== INSTRUCTIONS FOR THE TASK ==
When you reach the line with "Photo 44 of Admiraliteitskade 17-D" in the records below, begin transcribing exactly and continue up to and including the line with "maga_cess's tweet photo.", leaving out every picture.

== Records from a data collection ==

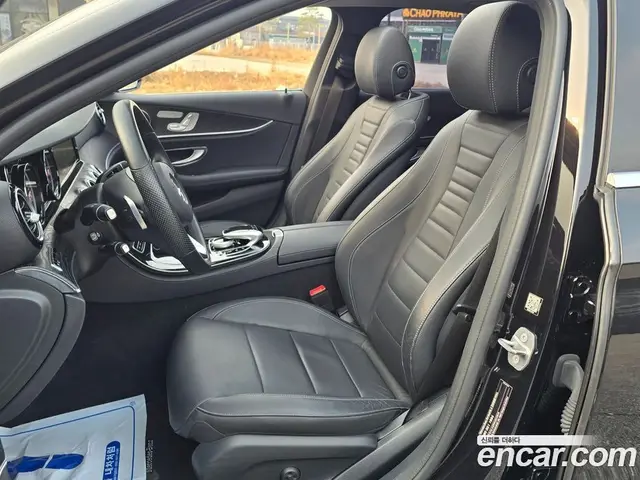 Mercedes-Benz E-Class 2018 1.9 автомат (гидро), миниатюра 8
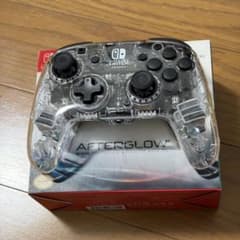 PDP Afterglow Deluxe+ for Switch 有線のサムネイル
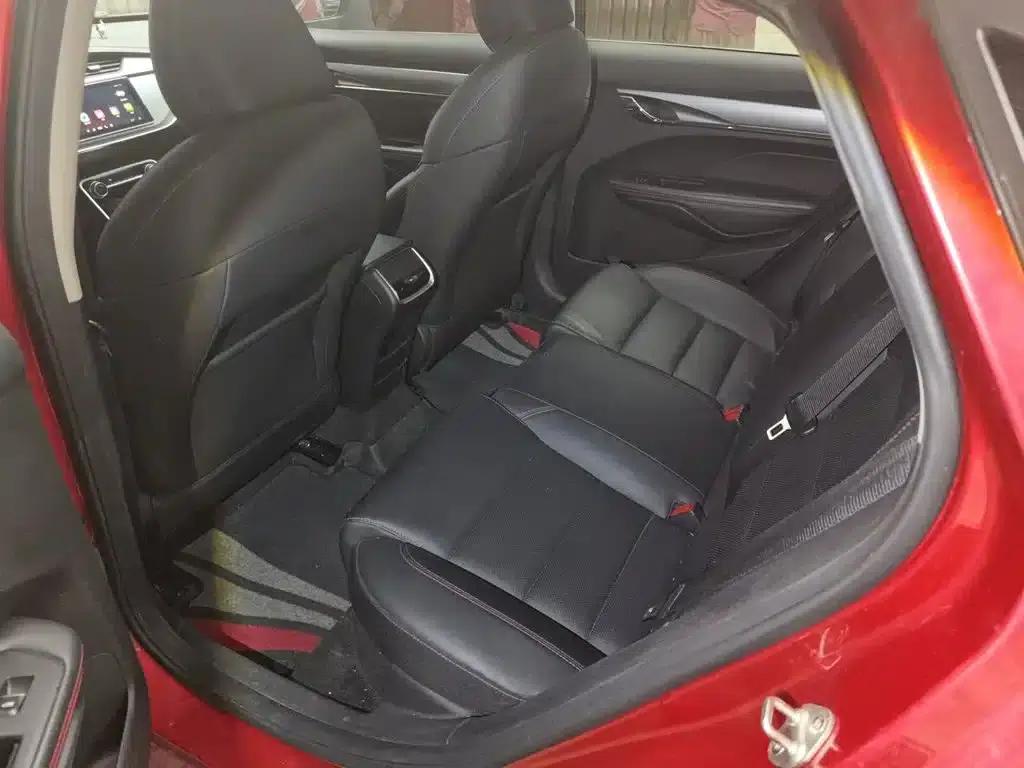 Geely Binrui 2018 200T DCT Binzhi Edition — миниатюра 15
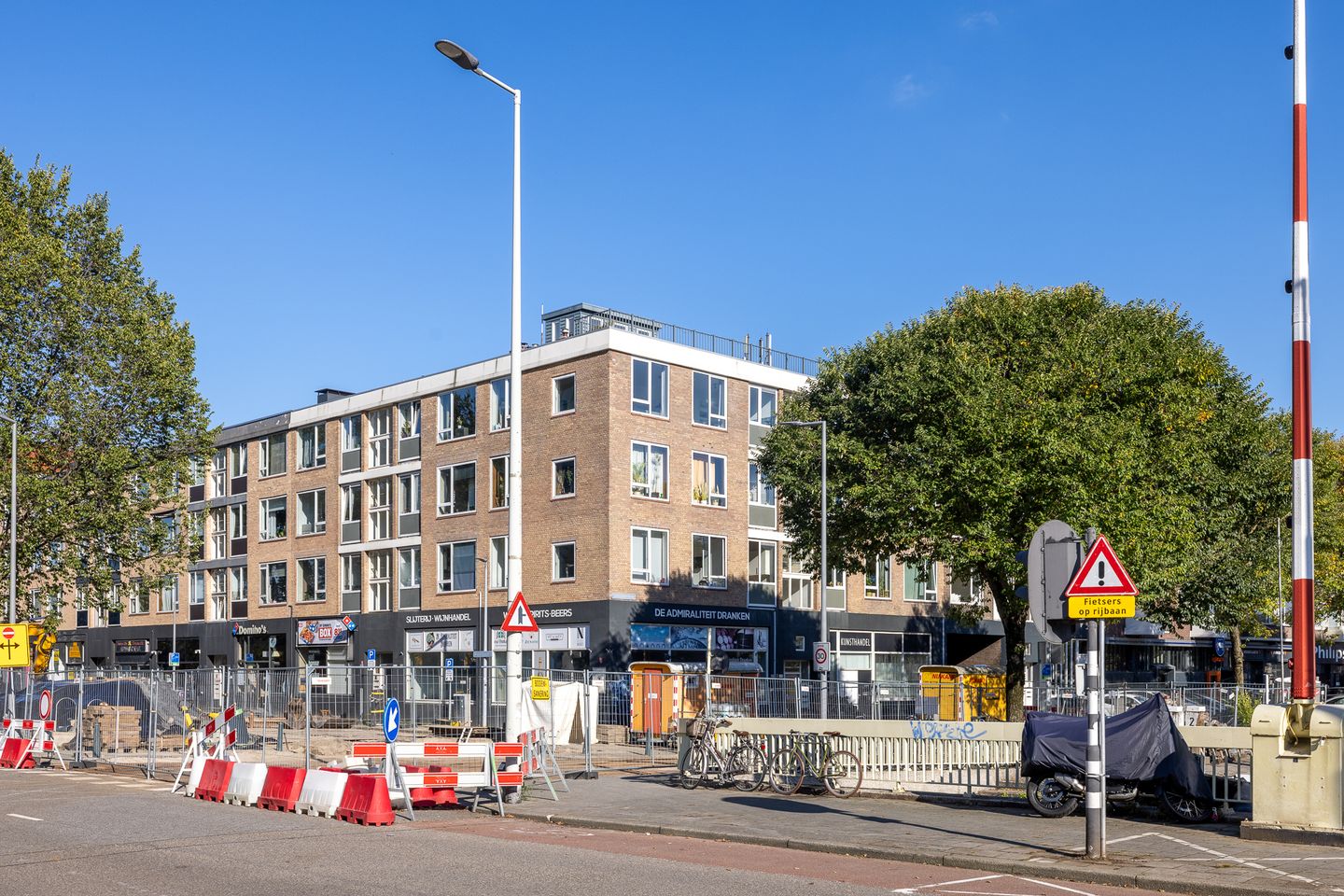 Photo 44 of Admiraliteitskade 17-D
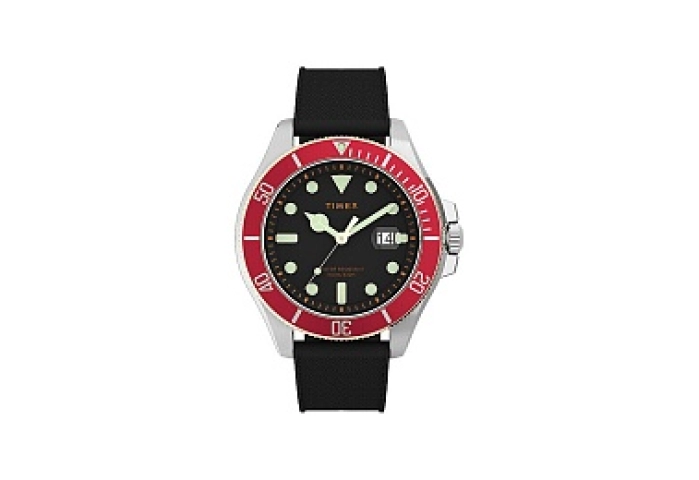 QUARTZ ANALOG WRIST WATCH,   10.50,  NOJEWEL,  SIL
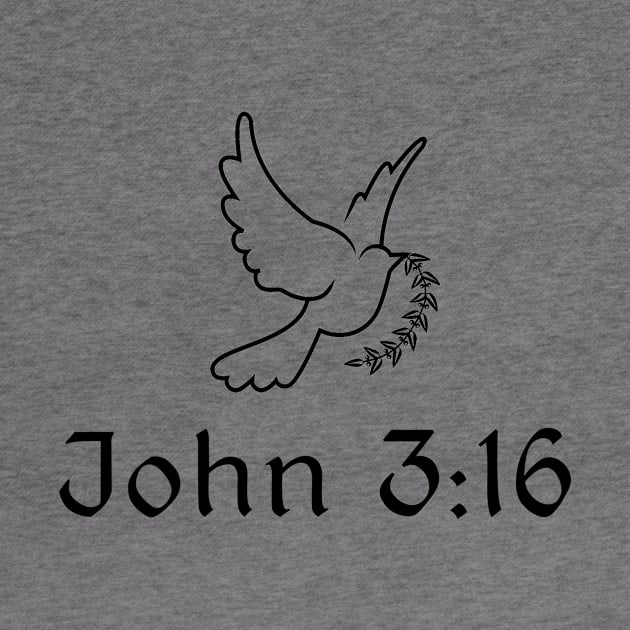 John 3:16 by swiftscuba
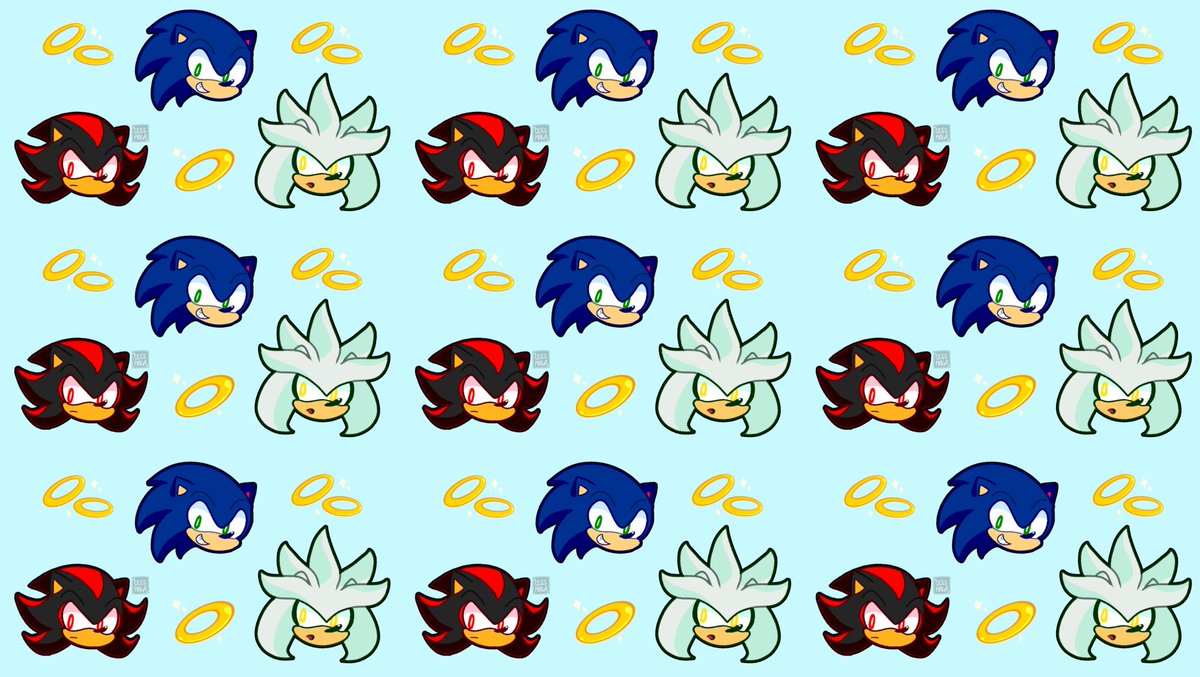 maga_cess's tweet photo. Team Triple hedgies 💙💚❤
[#sonicthehedgehog #shadowthehedehog #silverthehedgehog #sonicshadowandsilver #sonicshadowsilver] https://t.co/QwgAak6q4N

== RESPONSE BELOW ==
 Photo 44 of Admiraliteitskade 17-D
 QUARTZ ANALOG WRIST WATCH,   10.50,  NOJEWEL,  SIL
 John 3:16 by swiftscuba
 maga_cess's tweet photo. Team Triple hedgies 💙💚❤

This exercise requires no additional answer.